My Realtor? When my wife and I sold, I knew exactly what she netted. I knew her split. I asked.

The closing costs on my recent refi were of course conveniently broken down for easy scrutiny. “Document preparation fee” sounds like bullshit, can we get rid of that? Done.

Many called for “transparency” in the real estate business over the past few years. It became an easy Web 2.0 buzzword. I put a lot of stock in it too: If we just make the information available and uncloak the sales games, the real estate experience will improve. Zillow raised $87 million dollars on this idea.

I was wrong. Very little changed. Buyers and sellers, though armed with comps, Zestimates, school reports and trend charts, still ended up paying an under qualified agent too much money far too often. Brokers got less profitable. Good agents suffered armies of fools. And the public’s view of real estate is more jaundiced than ever.

In reality, consumers could always see the compromised links in the real estate value chain quite clearly. They certainly knew the score on commissions. The light of day can shine with the power of a thousand suns into the dark corners and clauses of the real estate transaction. The real problems, which are structural, remain.

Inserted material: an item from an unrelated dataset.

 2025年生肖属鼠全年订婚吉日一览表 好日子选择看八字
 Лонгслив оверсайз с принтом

Yes, some people did get burned. But that wasn’t for lack of transparency in most cases. It was a double helix of profit motive and magical thinking that is, in retrospect, nearly impossible to untangle.

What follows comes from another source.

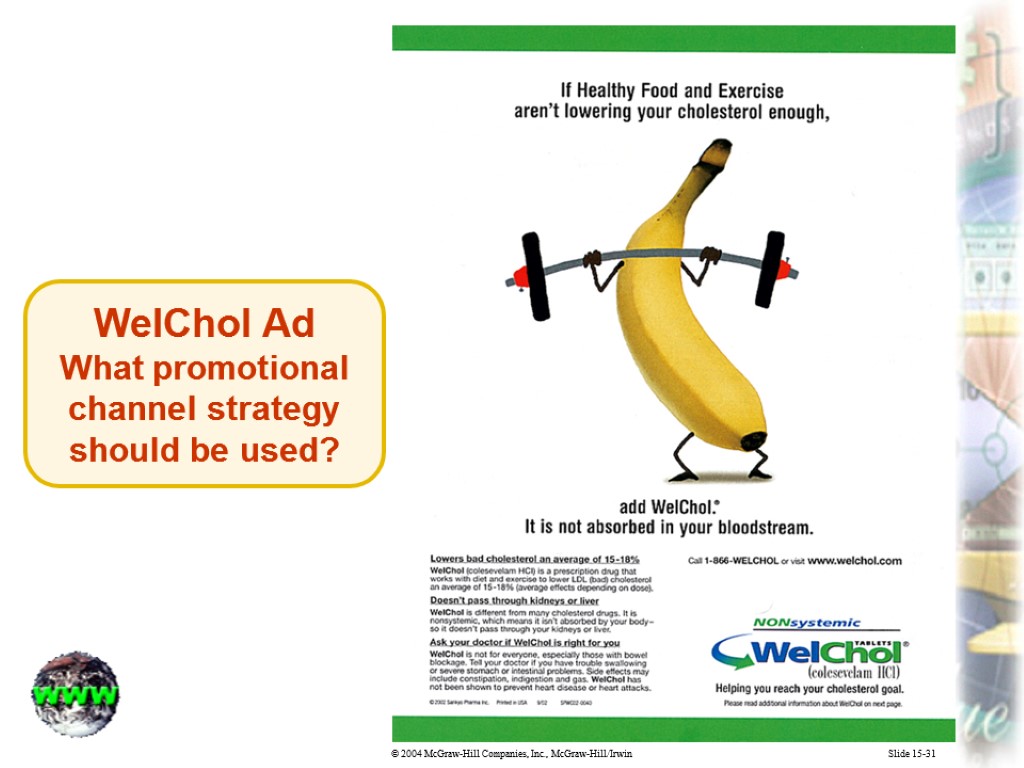 Slide 15-31 WelChol Ad What promotional channel strategy should be used?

So as I head off to Inman’s Real Estate Connect conference today, I am looking for a new clarion call for all of us who want the real estate business to be better.

See, real estate matters. We’re not selling ringtones here, folks. We’re talking about shelter. Lives. Families.

We can do better. But can has seldom been enough. Perhaps now, in a time of must, it will happen.

Coming down

Well I woke up Sunday morning, With no way to hold my head that didn’t hurt. And the beer I had for breakfast wasn’t bad, So I had one more for dessert. Then I fumbled through my closet for my clothes, And found my cleanest dirty shirt. An’ I shaved my face and combed my hair, An’ stumbled down the stairs to meet the day.

I’d smoked my brain the night before, On cigarettes and songs I’d been pickin’. But I lit my first and watched a small kid, Cussin’ at a can that he was kicking. Then I crossed the empty street, ‘n caught the Sunday smell of someone fryin’ chicken. And it took me back to somethin’, That I’d lost somehow, somewhere along the way.

That’s Kris Kristofferson’s Sunday Morning Coming Down. Real estate’s coming down pretty hard too. And many are finding they’ve lost something along the way: Perspective. Business sense. Integrity.

I’m hoping we can get it back this year. But to do so we’ve got to move beyond believing that if we open things up a little it will all be okay.

With what, then, do we lead the charge to a better industry?

Honestly, I’m not sure. People smarter than me have suggested possibilities in the past few months, but it’s not clear to me yet.

I am hoping I’ll come back from Connect with some answers.

But please: Let’s drop transparency. It didn’t do the trick.